Five-day trial ends in hung jury in 2019 killing
Vicente Rivera, right, speaks with a member of his defense team.
A jury failed to reach a verdict Friday in the trial of a man charged in the 2019 shooting death of 43-year-old Leroy Zamora outside a Central Avenue motel.
Vicente Rivera, 35, remains charged with second-degree murder in Zamora’s shooting death at the Crossroads Motel near Central and Interstate 25.
A spokeswoman for the 2nd Judicial District Attorney’s Office said “it’s too early to tell” if prosecutors will retry Rivera.
Much of the closing arguments Friday hinged on phone and social media messages sent to and from Rivera’s phone that prosecutors argued implicated him in Zamora’s killing.
Rivera’s attorney, Richard Pugh, told jurors that Zamora’s phone had been lost or stolen in the days before the killing and that someone else had sent the messages.
Both defense and prosecution attorneys said in opening statements Monday that jurors were likely to be left at the end of the trial with unanswered questions about the 5-year-old killing.
“You have absolutely no idea who shot Leroy Zamora,” Pugh told jurors on Friday. “You will never know the circumstances of the shooting.”
Prosecutors told jurors that Zamora was in the passenger seat of a car when Rivera fatally shot him from the driver’s seat on Feb. 18, 2019.

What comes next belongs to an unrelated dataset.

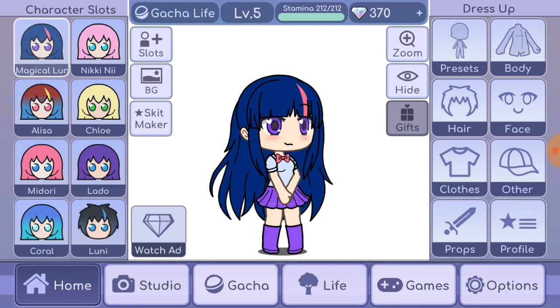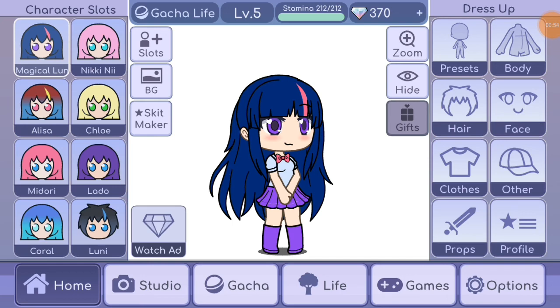É o primeiro vídeo da série Gameplay MLP. Espero que vocês tenham gostado. Clique em gostei e se inscreva no canal. Até os próximos vídeos e tchau!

Zamora exited the car and took several steps before collapsing in the parking lot of the Crossroads Motel, prosecutor Emile Edmonds told jurors. Zamora later died at University of New Mexico Hospital.

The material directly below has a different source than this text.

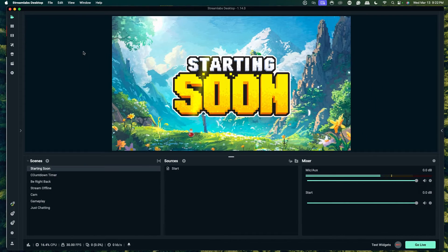In this video, I'm going to walk you step-by-step on how to set up a Twitch chat overlay inside of Streamlabs, so you can show your chat on stream. The first thing you're going to do is open up Streamlabs Desktop. If you don't have Streamlabs Desktop installed, I'll put a link in the description of this video.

Pugh suggested to jurors on Friday that Zamora was fatally shot by someone standing above him, possibly from the motel balcony. Pugh also said that Zamora had multiple enemies as a result of his lifestyle as a heroin user.
Zamora’s longtime partner, Brianna Pinzon, testified this week that Zamora’s heroin use prompted her to kick him out of her home less than a week before he was killed.
She forced Zamora to leave her home after he left a used syringe in a place in their home where their son found it, she testified on Monday.
Pinzon said outside the courtroom on Friday that Zamora had been “a great fiancé to me” and a good father to the couple’s son. “He was funny and he was outgoing,” she said.
A police spokesman said days after the killing that police had “limited offender information” at the time. An autopsy found that Zamora was fatally shot in the arm and the chest.
Witnesses told police they saw a red car diving out of the parking lot moments after the shooting, Edmonds told jurors.
Prosecutors argued that the car involved in the shooting was later found gutted by fire in an arroyo near 12th and Menaul NW.